■ **TASK DESCRIPTION**
Copy, word for word, the line containing "Rasasi Yumn Pour" and each line that follows it in the entries below; pictures do not belong in the copy.

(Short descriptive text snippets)
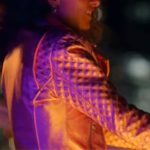 Sex/Life Sarah Shahi (Billie Connelly) Leather Jacket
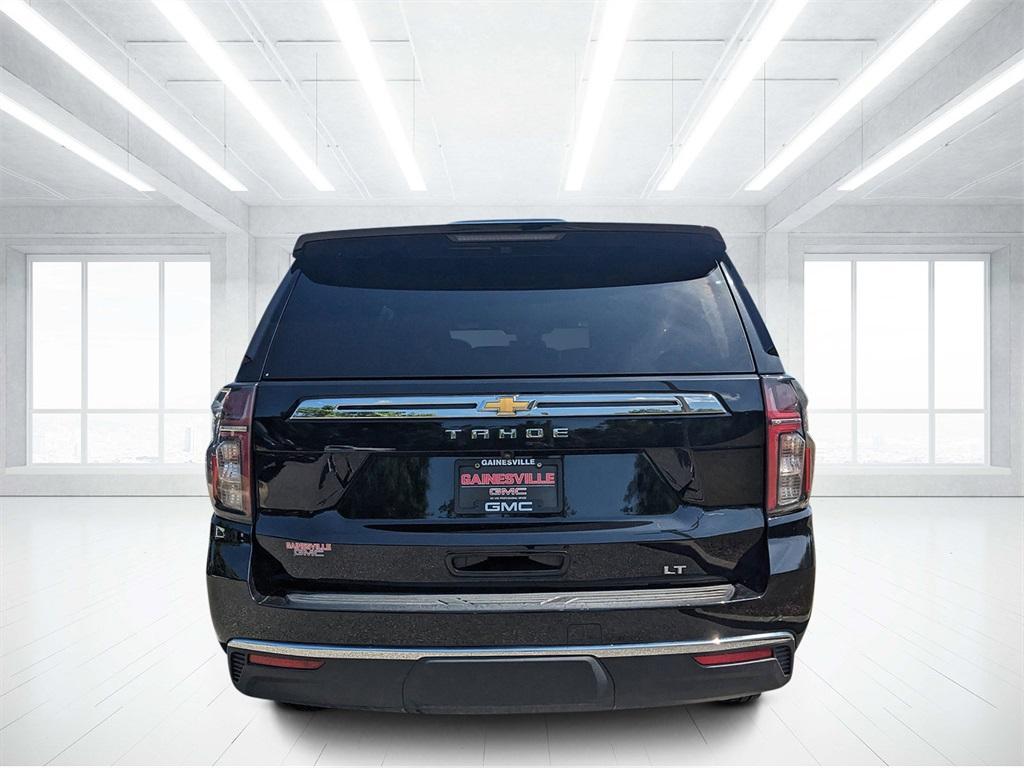 used 2023 Chevrolet Tahoe car, priced at $43,991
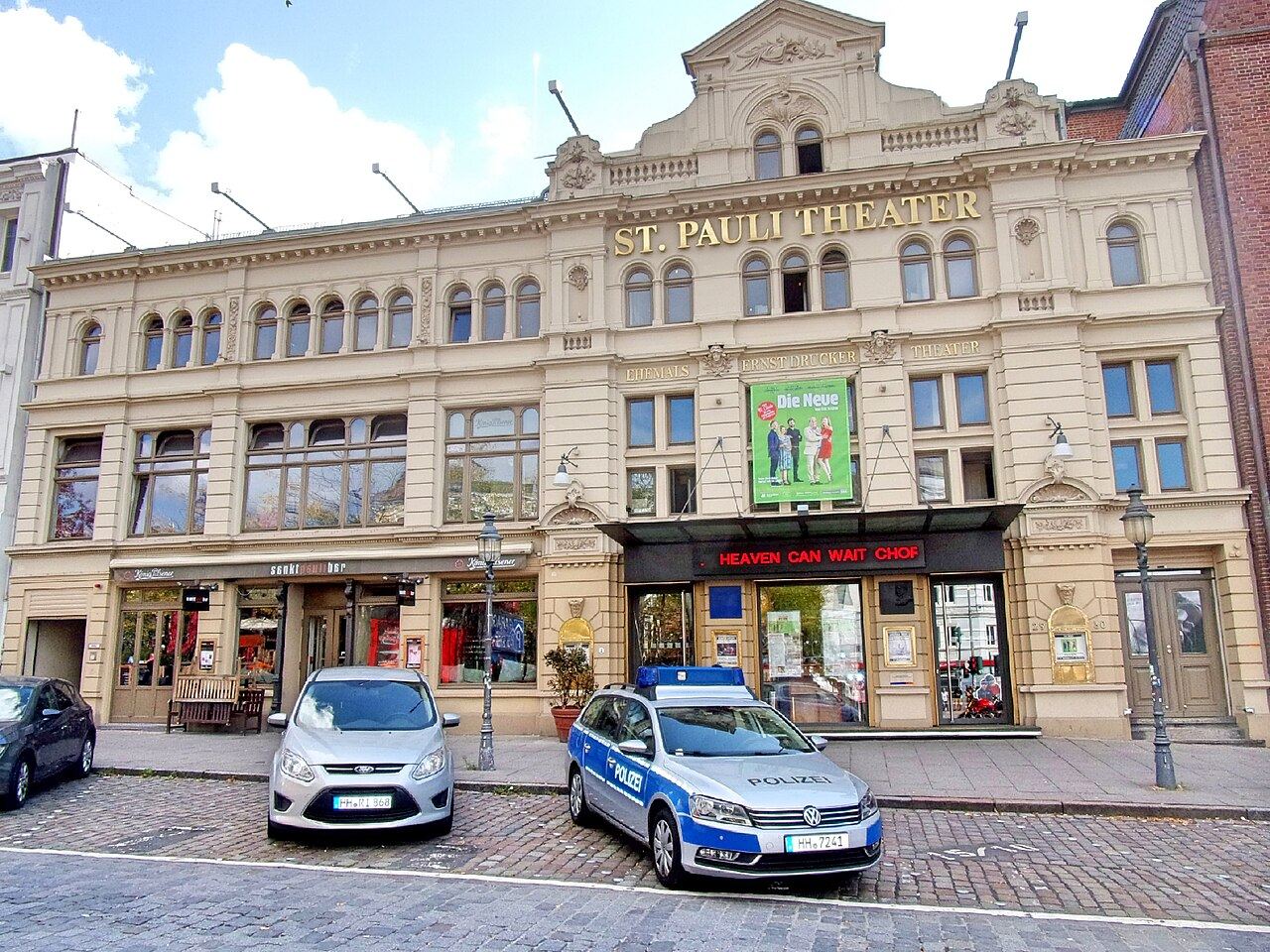 St. Pauli Theater – Bild 2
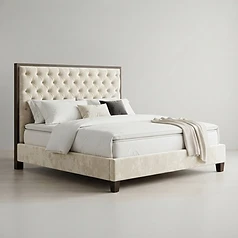Plush Bed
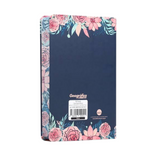 Bíblia Sagrada - NVI - Letra Média - Capa especial rosas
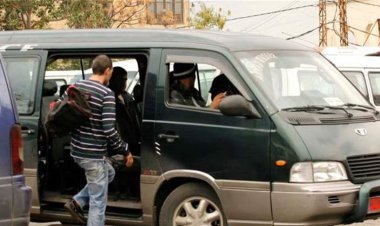 ضبط "فان" ينقل سوريين بطريقة غير شرعية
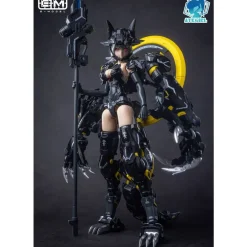1/12 ARMORED GIRL WEREWOLF BENANDANTI UNIVERSAL COLOR VERSION
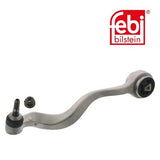 Febi 46165 Control Arm Front Left Aluminium Fits BMW 6 Series 2003 - 2005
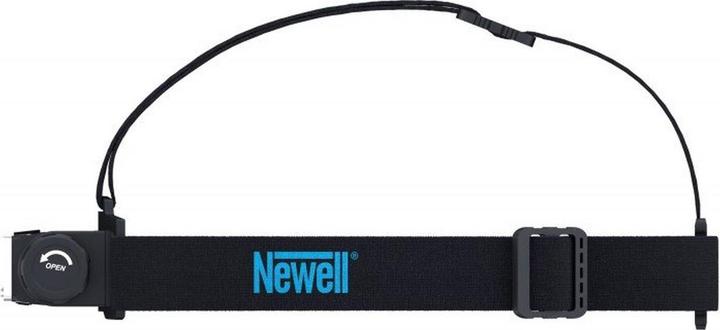 Image du produit Newell HL1000COB USB-C-Stirnlampe (1000 lm)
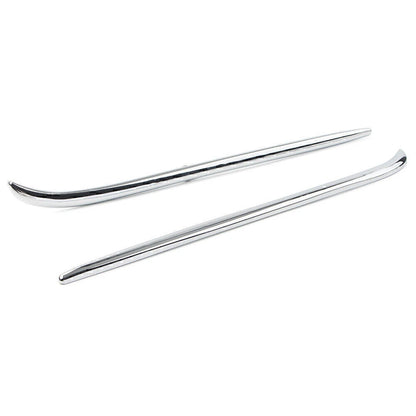 Chrome Fairing Eyebrows Trim for Honda Goldwing GL1800 (2001-2011)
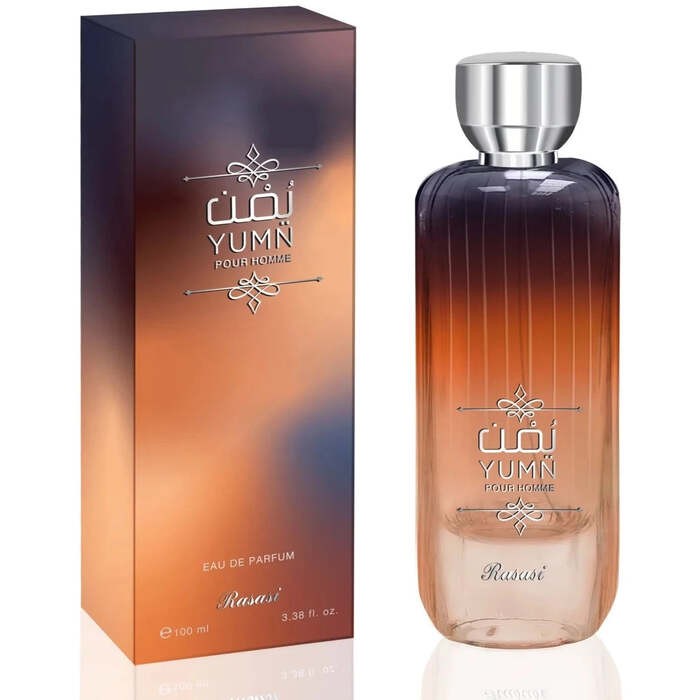 Rasasi Yumn Pour Homme eau de parfum uomo 100ml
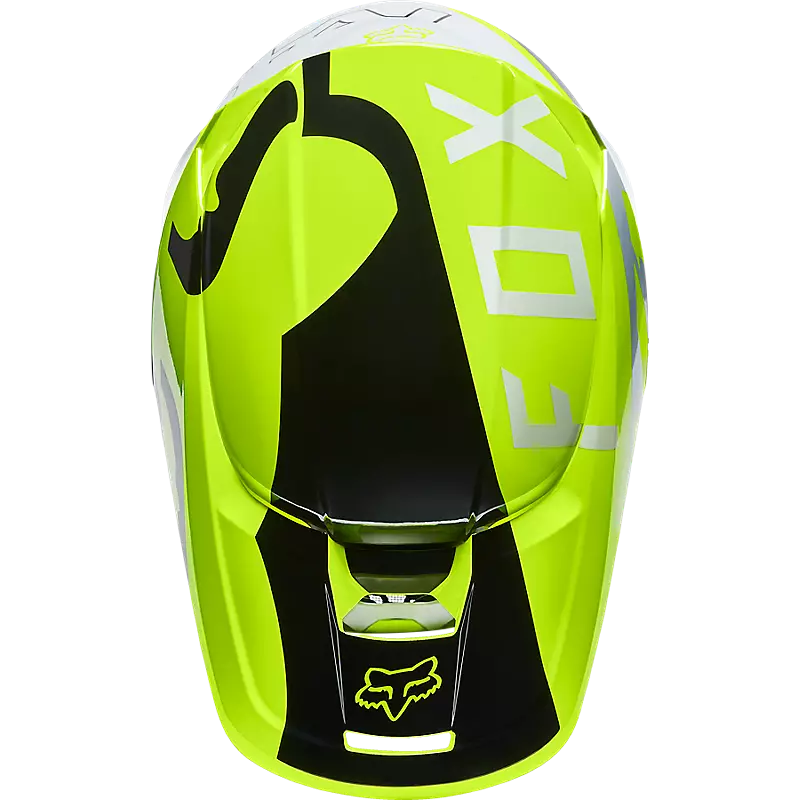 Coussinets de joues Fox Helmet V1 2014-2018 Uni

■ **TASK RESULT**
 Rasasi Yumn Pour Homme eau de parfum uomo 100ml
 Coussinets de joues Fox Helmet V1 2014-2018 Uni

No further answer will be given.